───── INPUT ─────
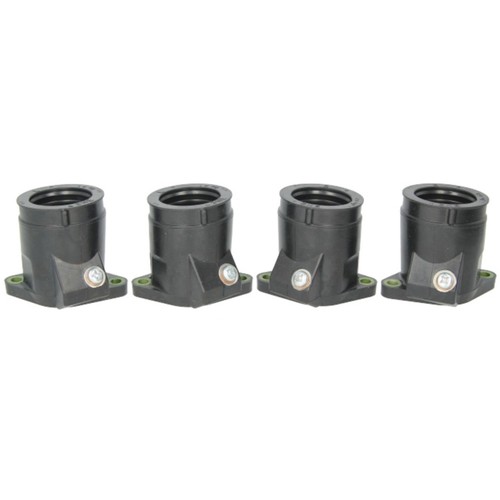 Collettori aspirazione per - 4x,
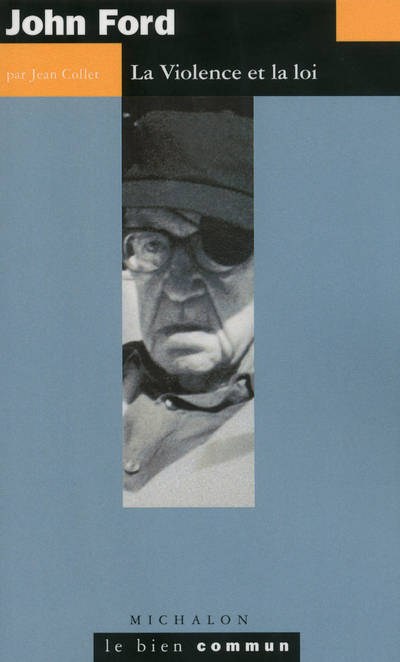 John Ford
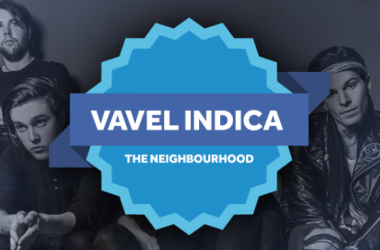 VAVEL indica: The Neighbourhood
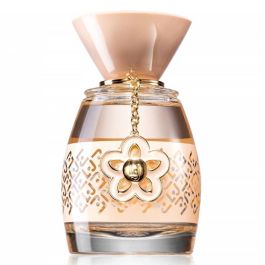 Lovely Me, Agua de perfume, Para mujeres, 100 ml Precio: 60.5. SKU: B1A64SJWR4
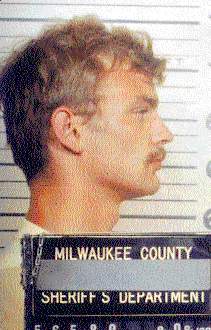 jeffrey-dahmer-105.jpg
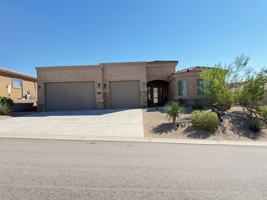 featured image of 3582 N Swilican Bridge Rd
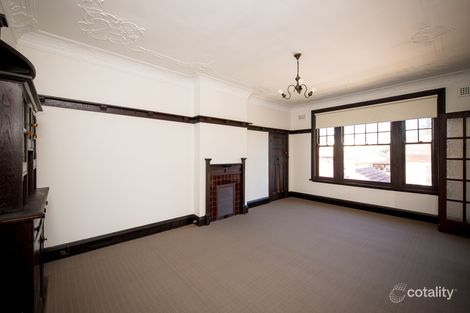 3/56 Edward St, North Sydney, NSW 2060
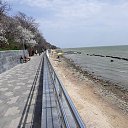 ���� �������, ������-��-����, 68 ��� - ��������� 25 ������ 2022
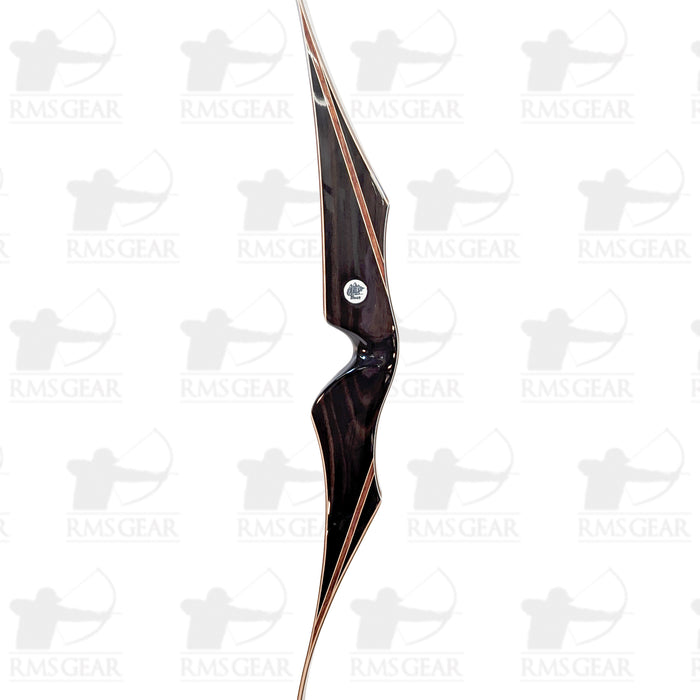 Bear Limited Edition Super Kodiak - 45@28 - 60" -  LES-4-54 (#54 of 250)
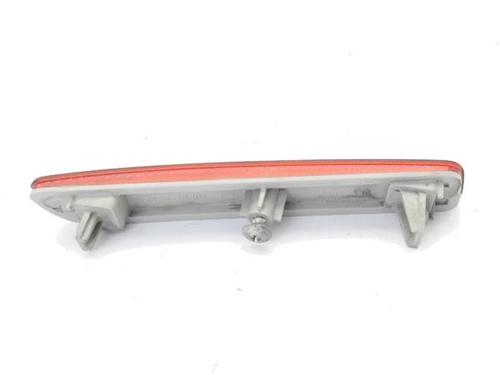 Rear fog light FIAT SEDICI (189_) 1.9 D Multijet | BP22632645C37 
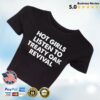 Treaty Oak Revival Merch Store Tor Crop Top 1 Treaty Oak Revival Merch Store Tor Crop Top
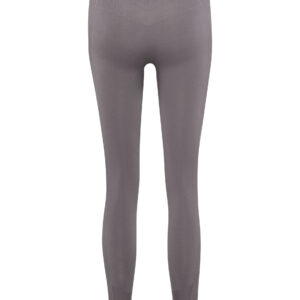 hmlTIF SEAMLESS HIGH WAIST TIGHTS – Bild 16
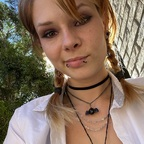 Onlyfans free content wick1tty 

 profile picture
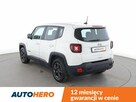 Jeep Renegade GRATIS! Pakiet Serwisowy o wartości 800 zł! - 4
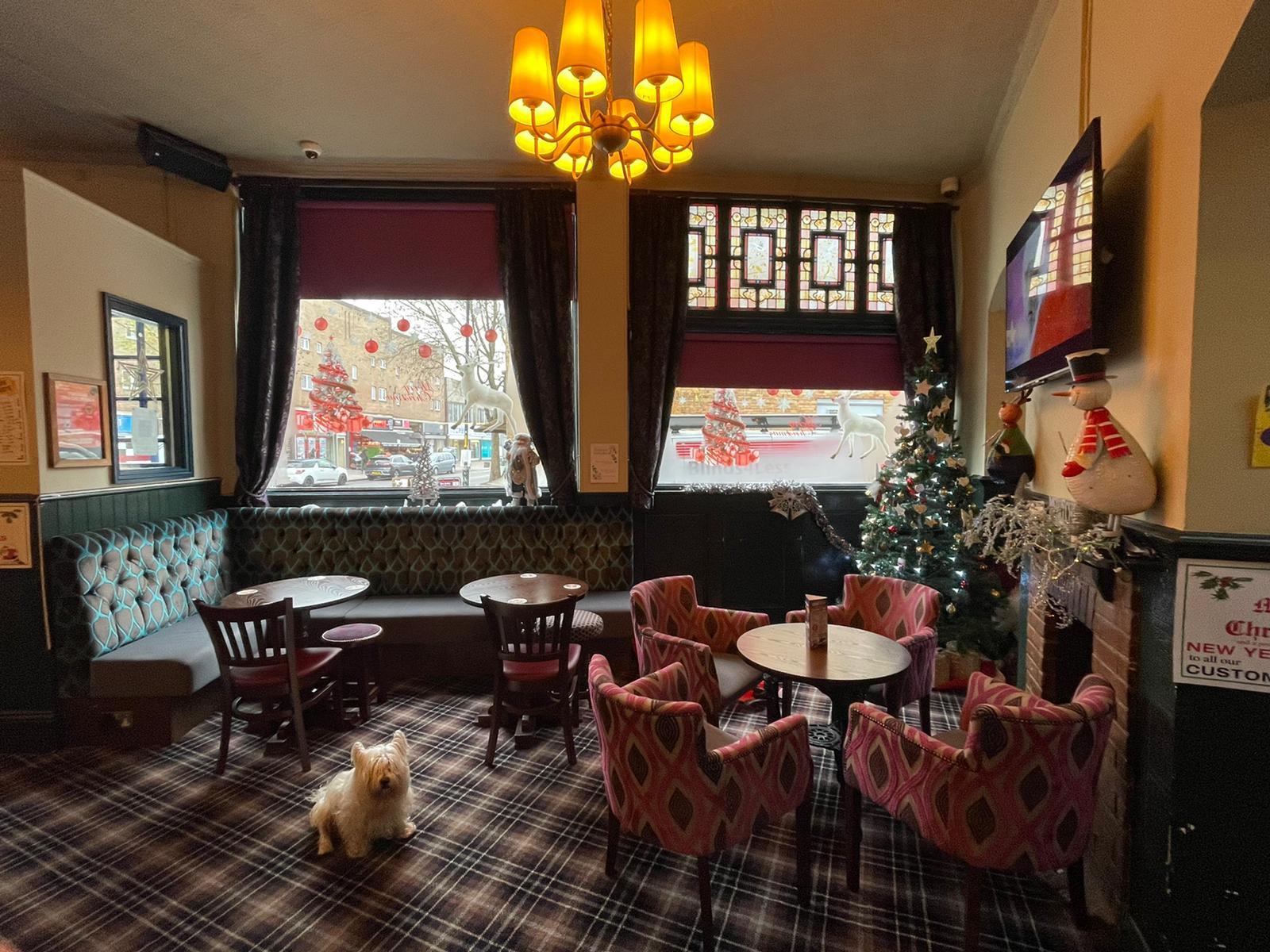 afaa0a5e-e74f-43ce-b4f5-c6f1ba6efff7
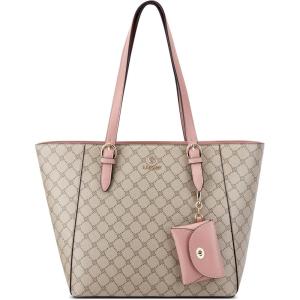 imagesiera tote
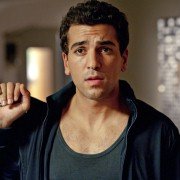 Heiter bis wolkig - galeria zdjęć - filmweb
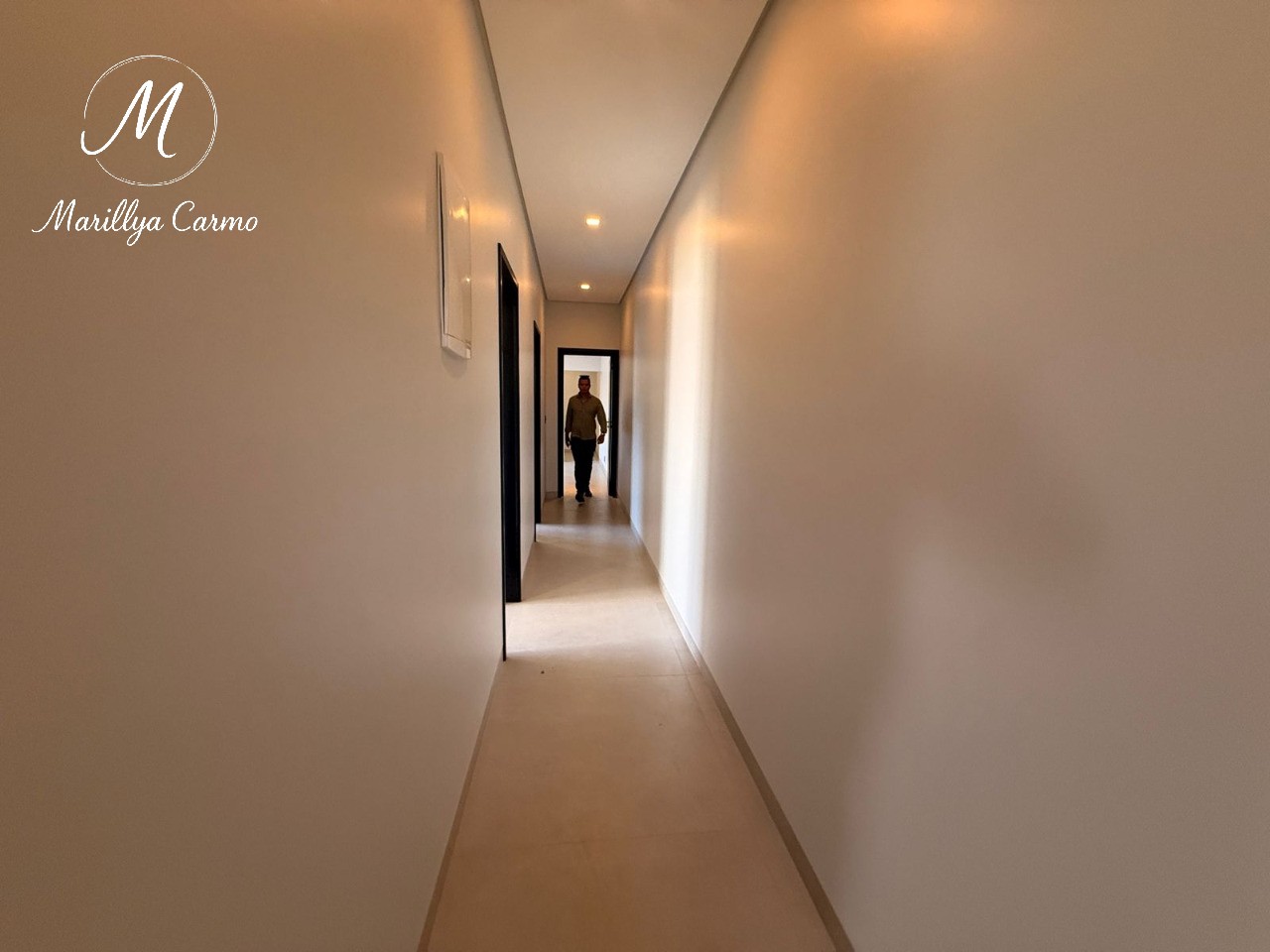 Casa, 3 quartos - Foto 10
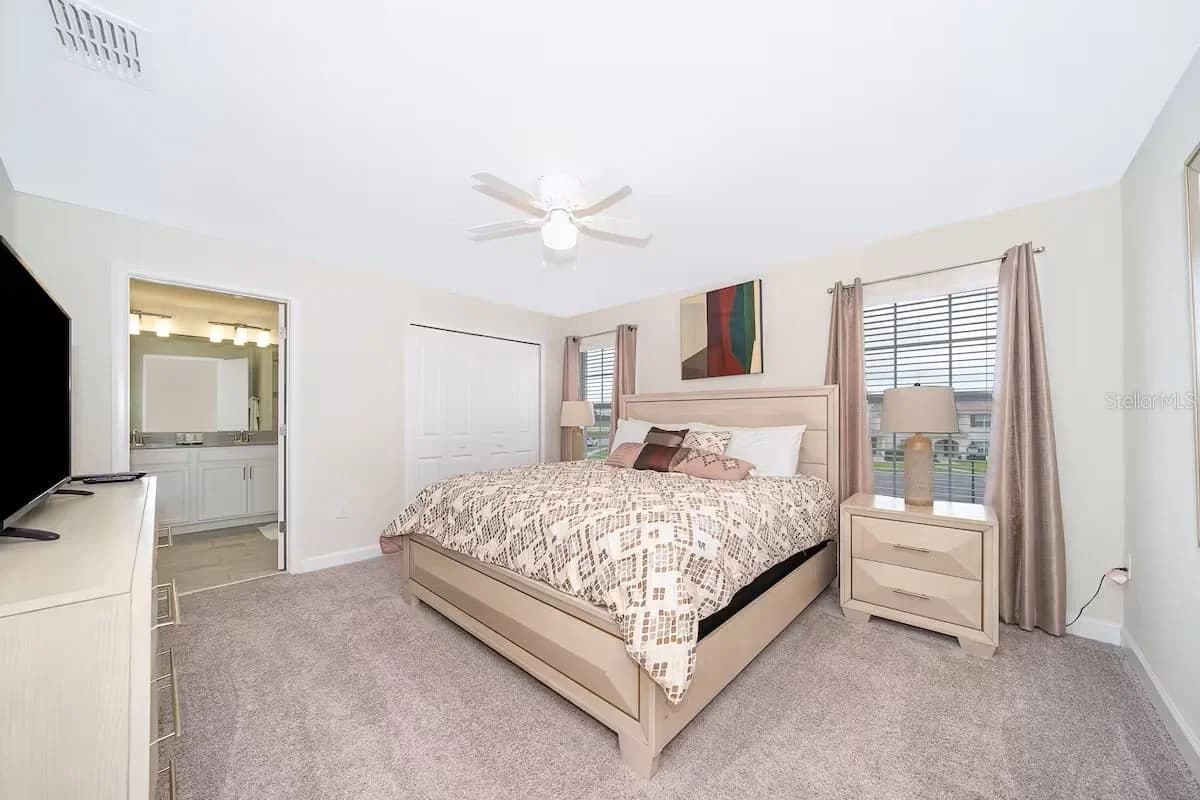 4905 WINDERMERE 5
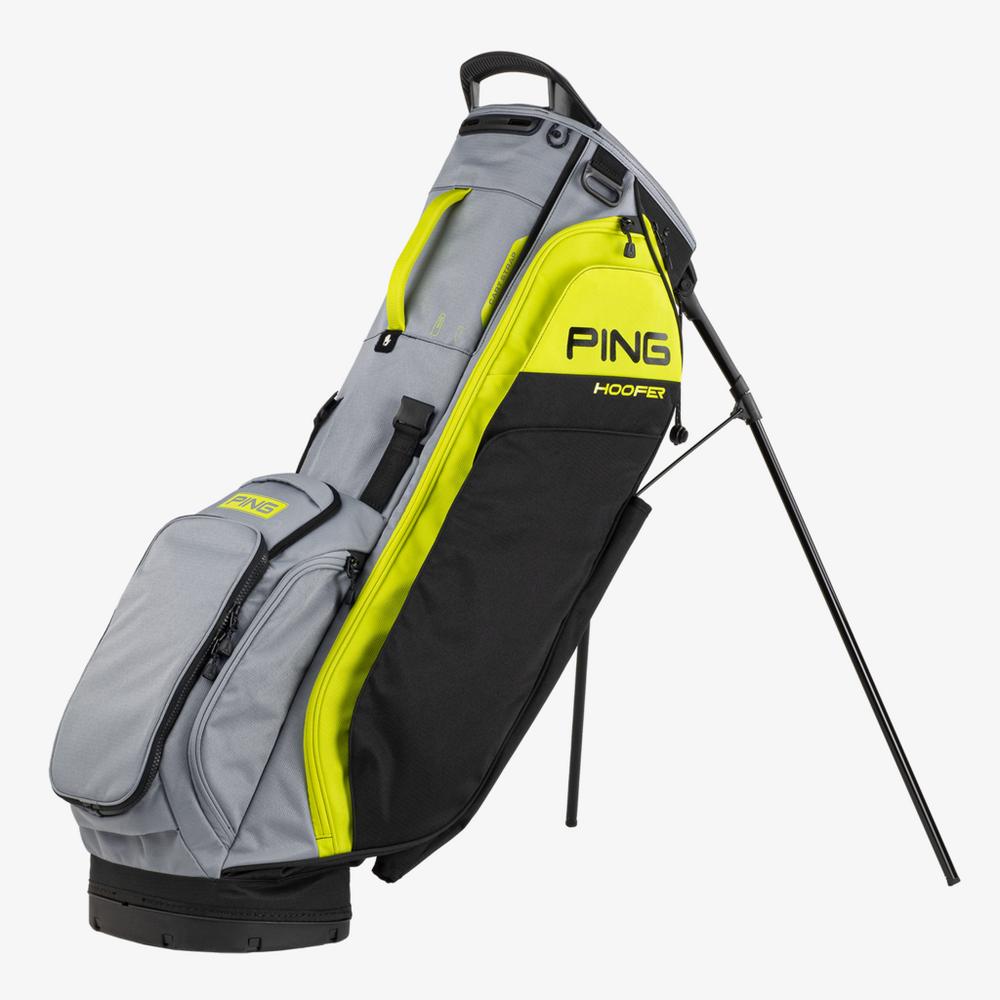 Ping Hoofer Stand Bag 2023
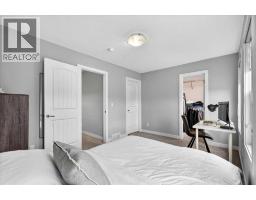 137 Cranbrook Cove Se, Calgary, AB T3M2S9 Photo 26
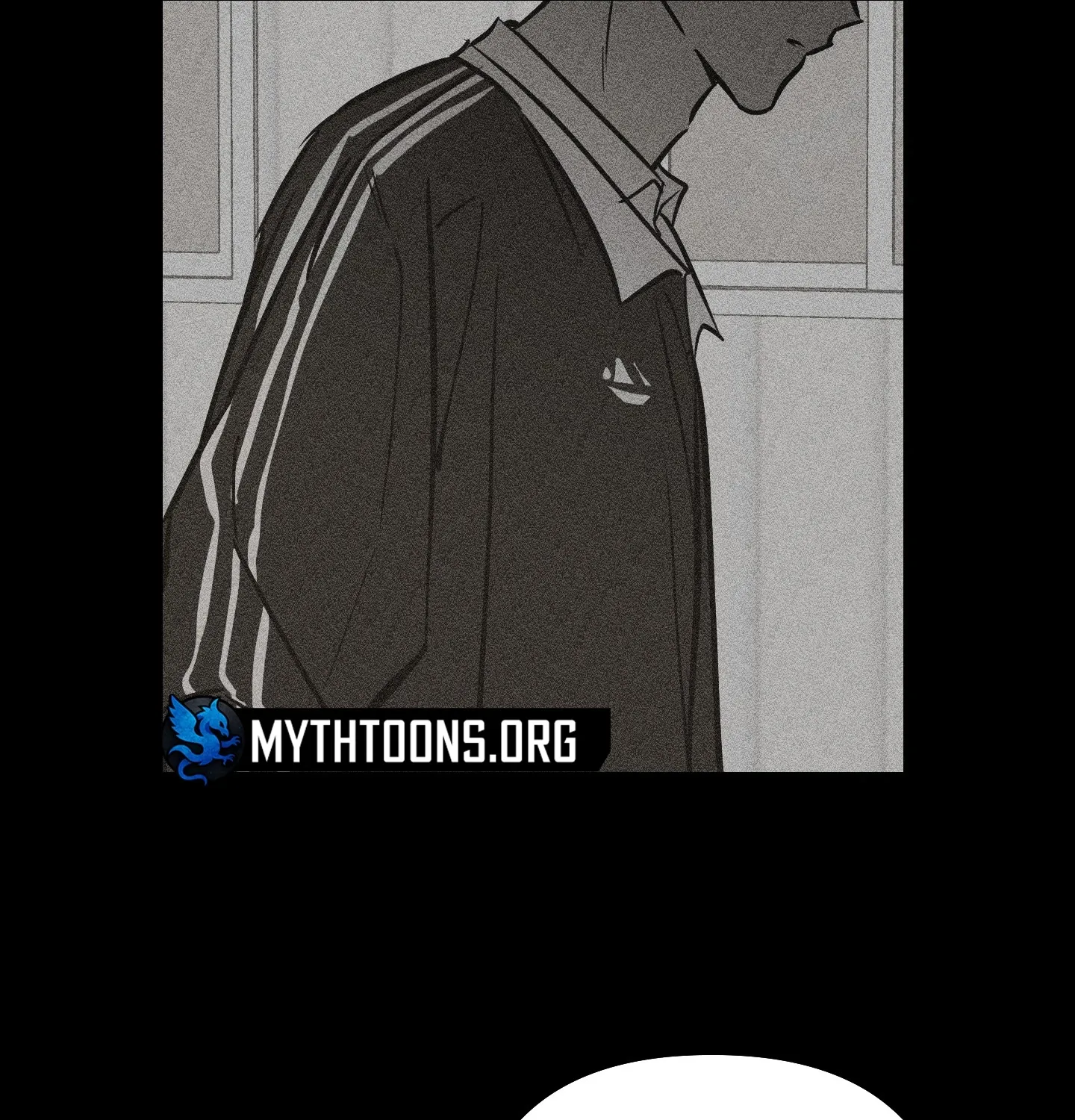 Breathtaking Alliance Chapter 18 - Page 164 in English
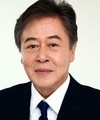 Morio Kazama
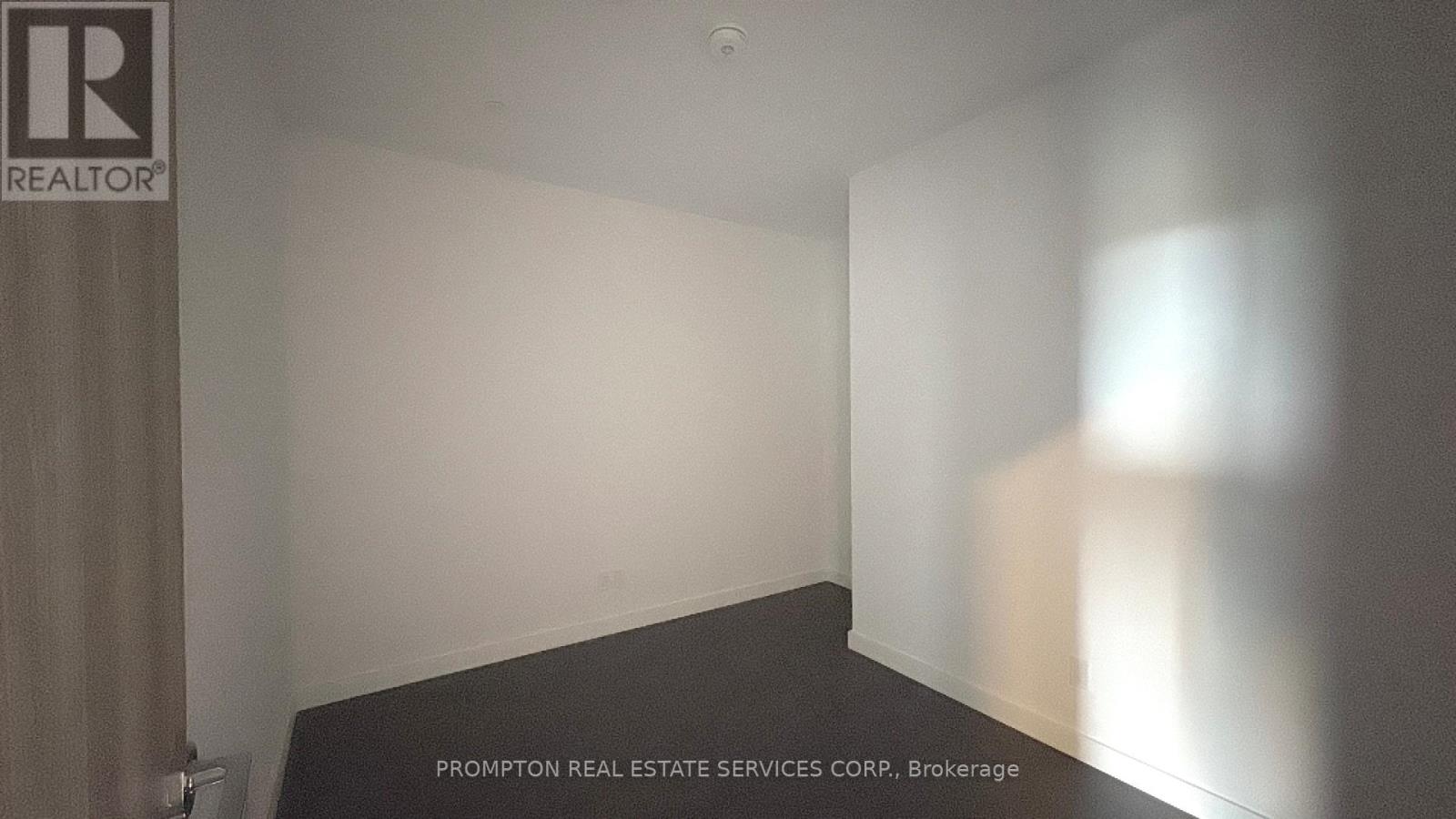 736 - 18 Esther Shiner Boulevard, Toronto, Ontario  M2K 0J7 - Photo 24 - C13127048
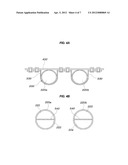 ROOF AIRBAG APPARATUS FOR VEHICLE diagram and image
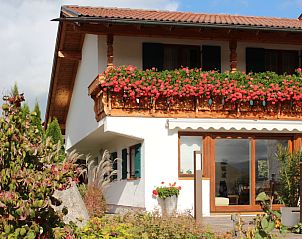 Verblijf 0331006 - Vakantiewoning Beieren - Vakantiehuis Fischer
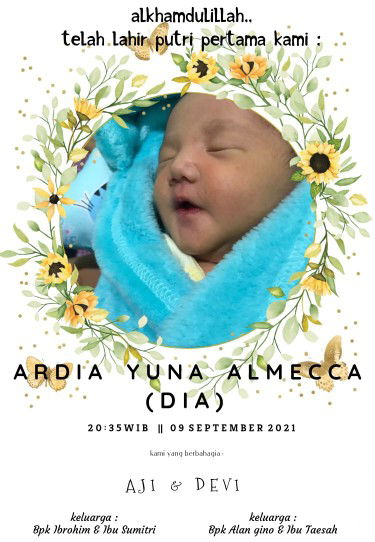 devi anita profile icon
─────
> _REQUIREMENT_: Repeat only the lines between the start of the data and the line with "25 ������ 2022", including those two lines, and skip the pictures.

> _RESULT_:
 Collettori aspirazione per - 4x,
 John Ford
 VAVEL indica: The Neighbourhood
 Lovely Me, Agua de perfume, Para mujeres, 100 ml Precio: 60.5. SKU: B1A64SJWR4
 jeffrey-dahmer-105.jpg
 featured image of 3582 N Swilican Bridge Rd
 3/56 Edward St, North Sydney, NSW 2060
 ���� �������, ������-��-����, 68 ��� - ��������� 25 ������ 2022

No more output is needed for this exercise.